> _WHAT THIS TASK INVOLVES_
Output every entry exactly as written, skipping any pictures.

Short descriptive text snippets

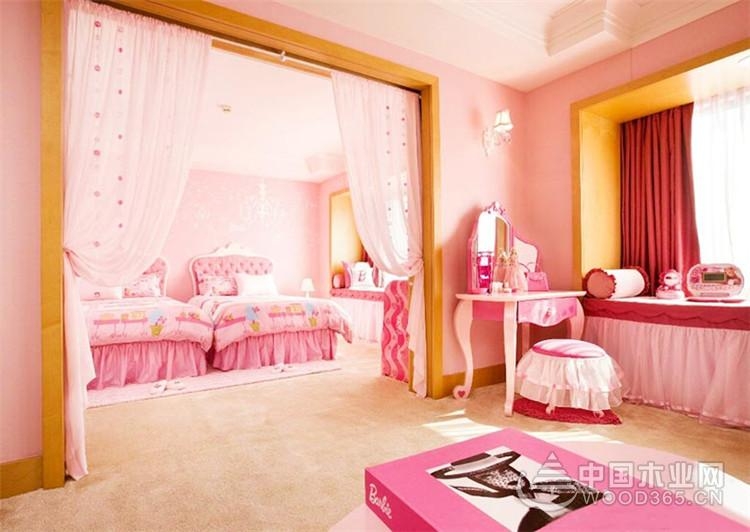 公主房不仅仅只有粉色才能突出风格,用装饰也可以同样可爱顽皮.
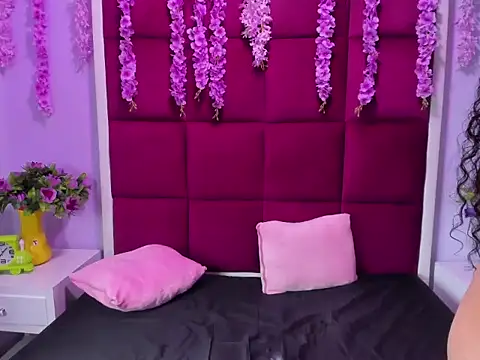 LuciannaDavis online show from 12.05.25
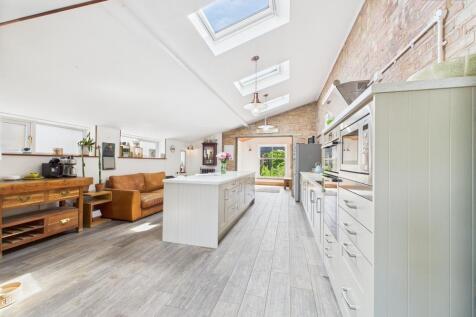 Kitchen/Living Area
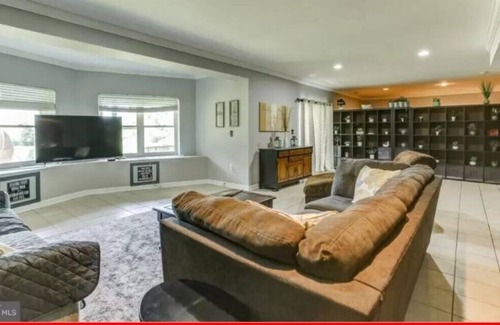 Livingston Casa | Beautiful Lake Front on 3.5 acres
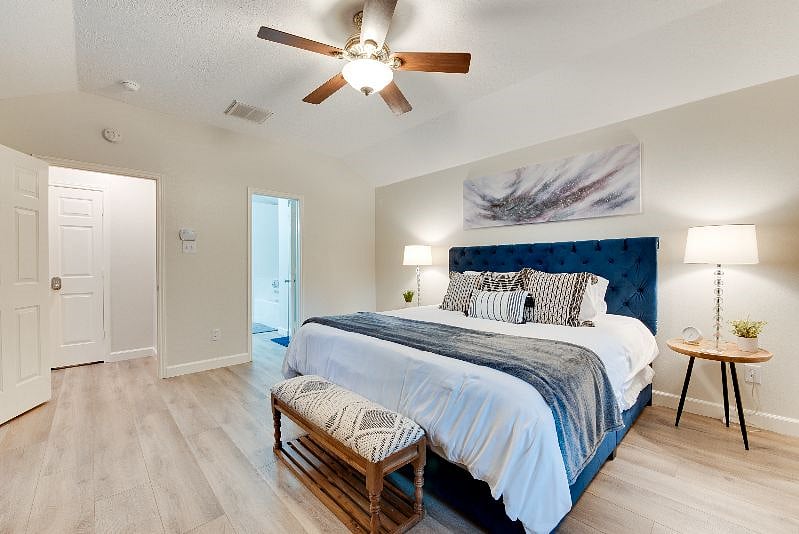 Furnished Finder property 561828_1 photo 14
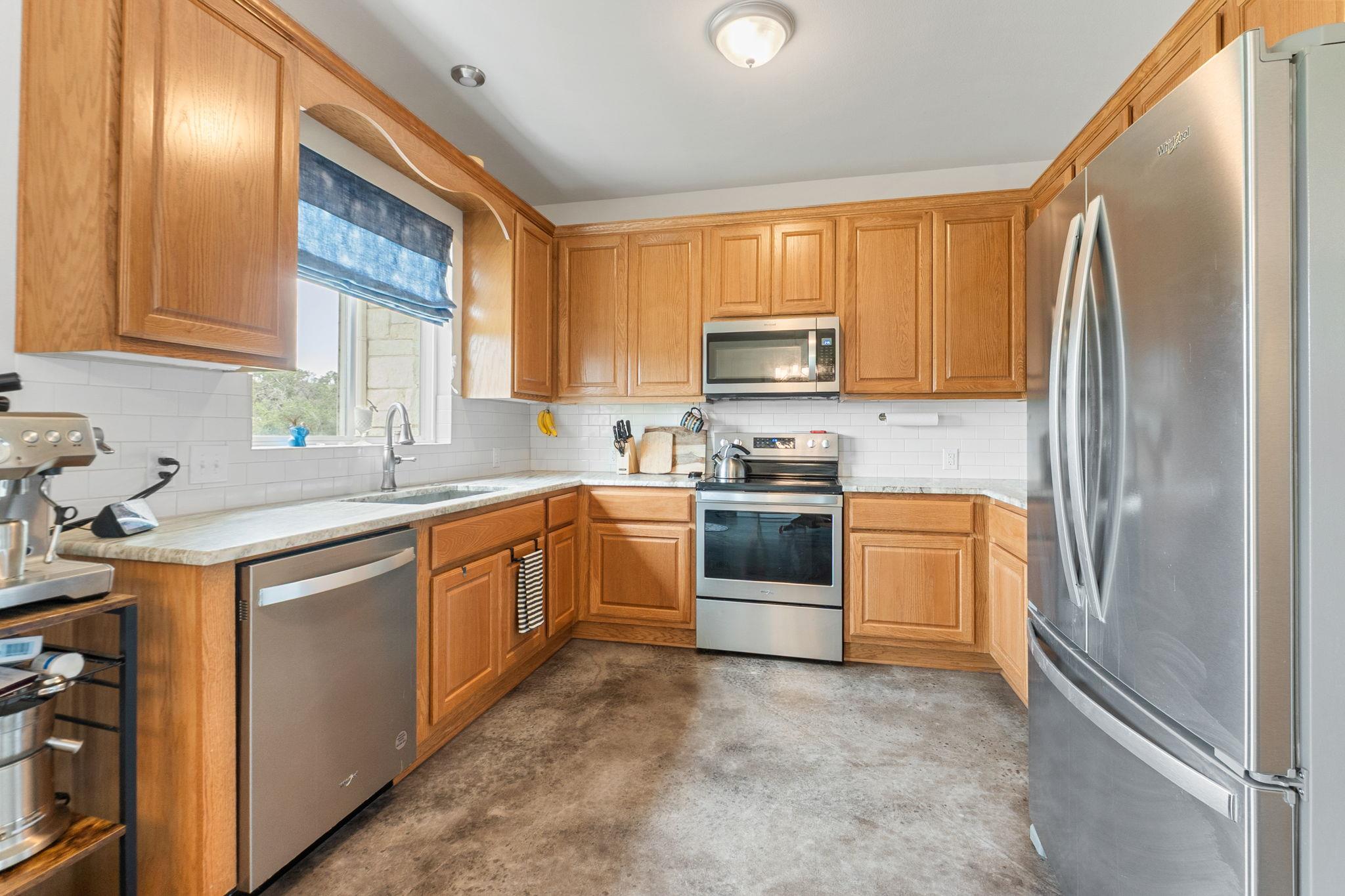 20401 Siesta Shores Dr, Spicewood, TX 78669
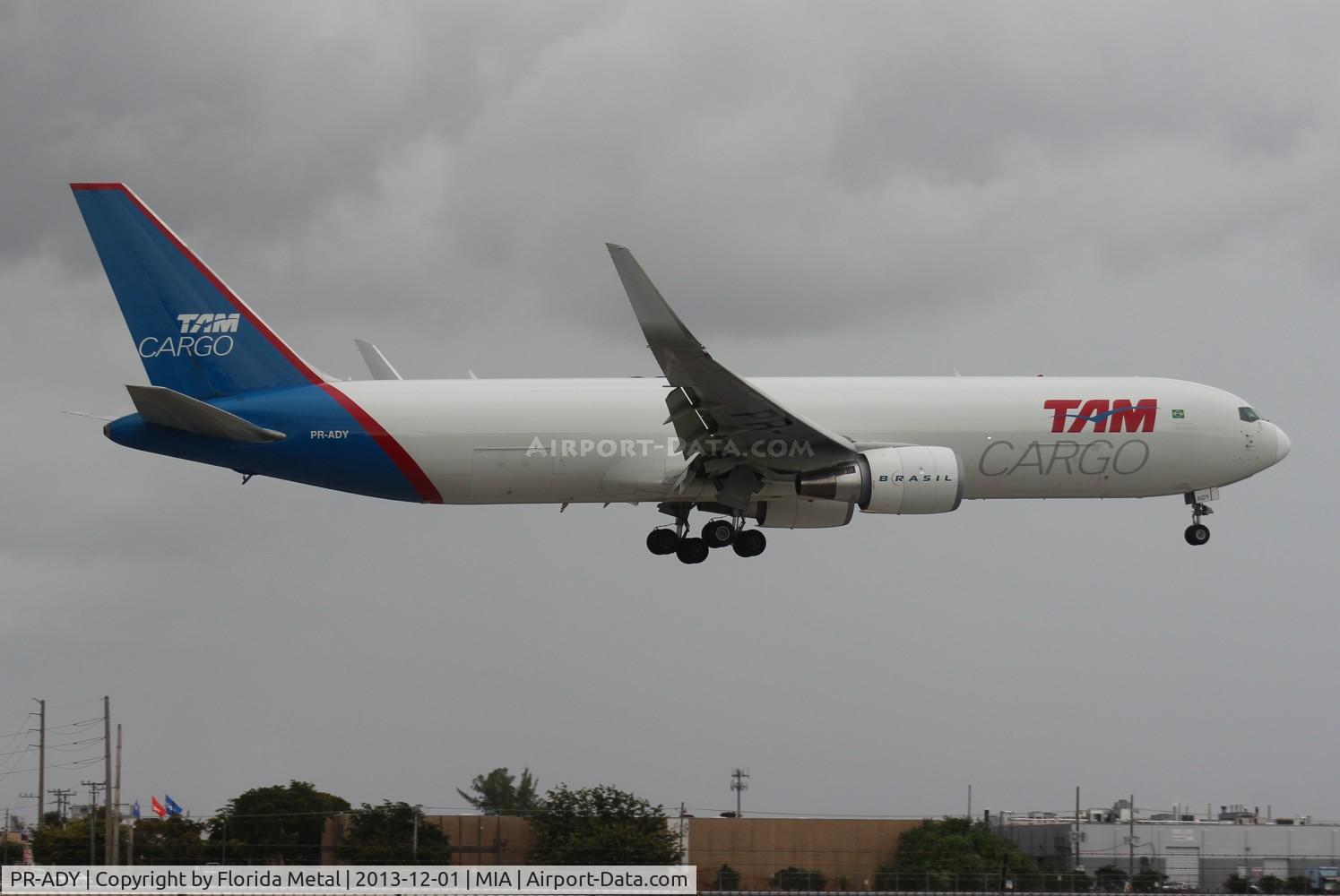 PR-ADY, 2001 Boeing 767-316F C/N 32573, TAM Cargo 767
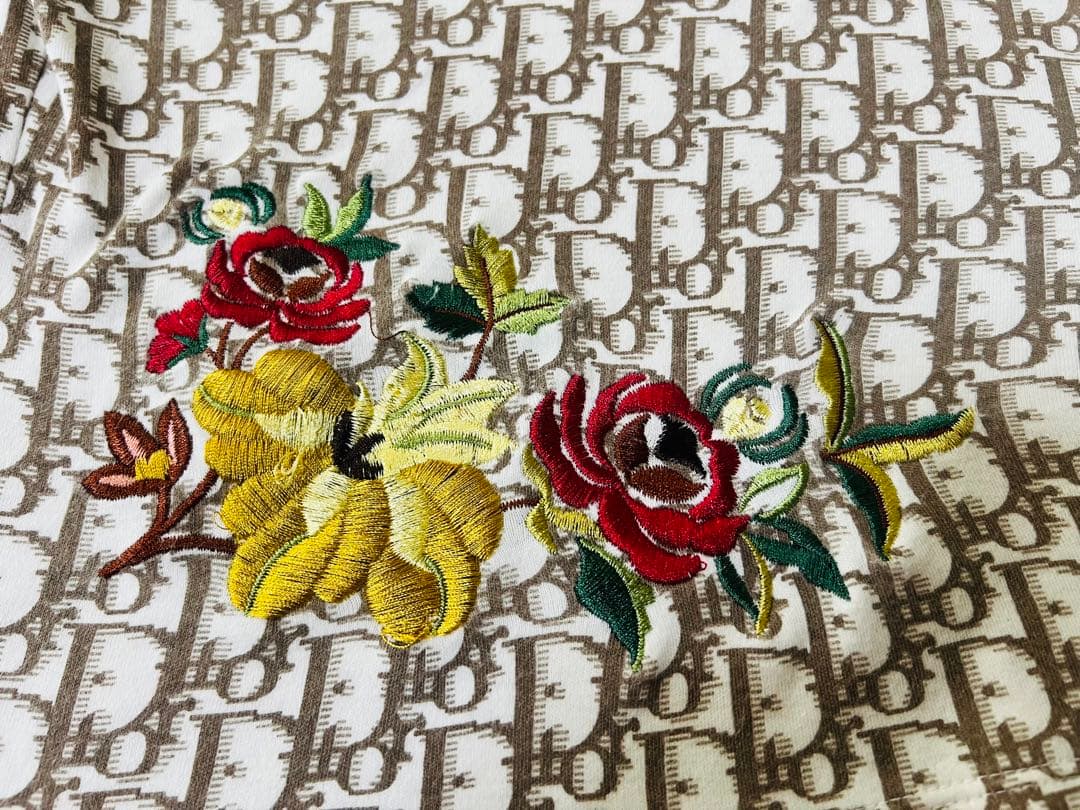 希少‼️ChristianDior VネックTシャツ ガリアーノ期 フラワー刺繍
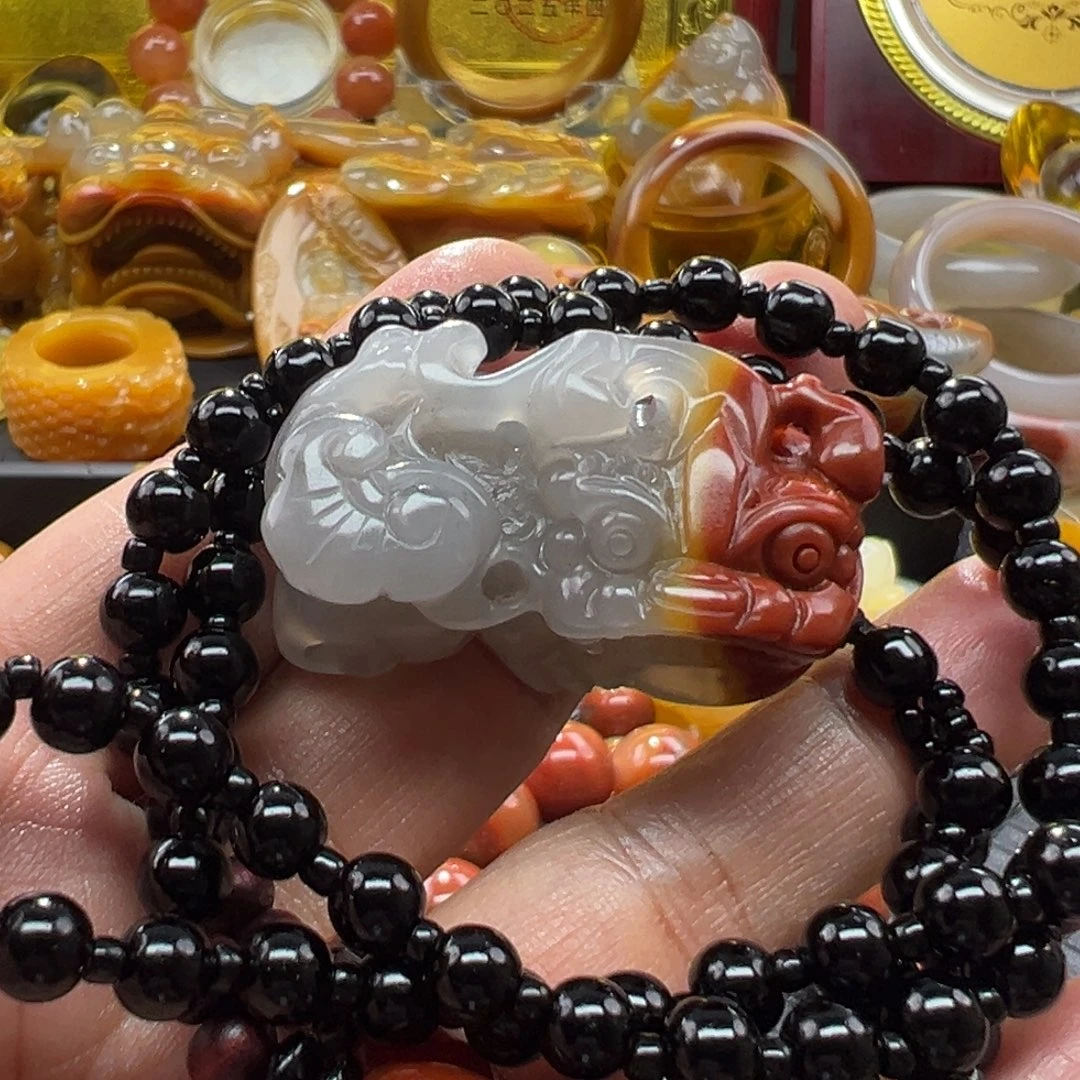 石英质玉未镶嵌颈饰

> _TASK RESULT_
 公主房不仅仅只有粉色才能突出风格,用装饰也可以同样可爱顽皮.
 LuciannaDavis online show from 12.05.25
 Kitchen/Living Area
 Livingston Casa | Beautiful Lake Front on 3.5 acres
 Furnished Finder property 561828_1 photo 14
 20401 Siesta Shores Dr, Spicewood, TX 78669
 PR-ADY, 2001 Boeing 767-316F C/N 32573, TAM Cargo 767
 希少‼️ChristianDior VネックTシャツ ガリアーノ期 フラワー刺繍
 石英质玉未镶嵌颈饰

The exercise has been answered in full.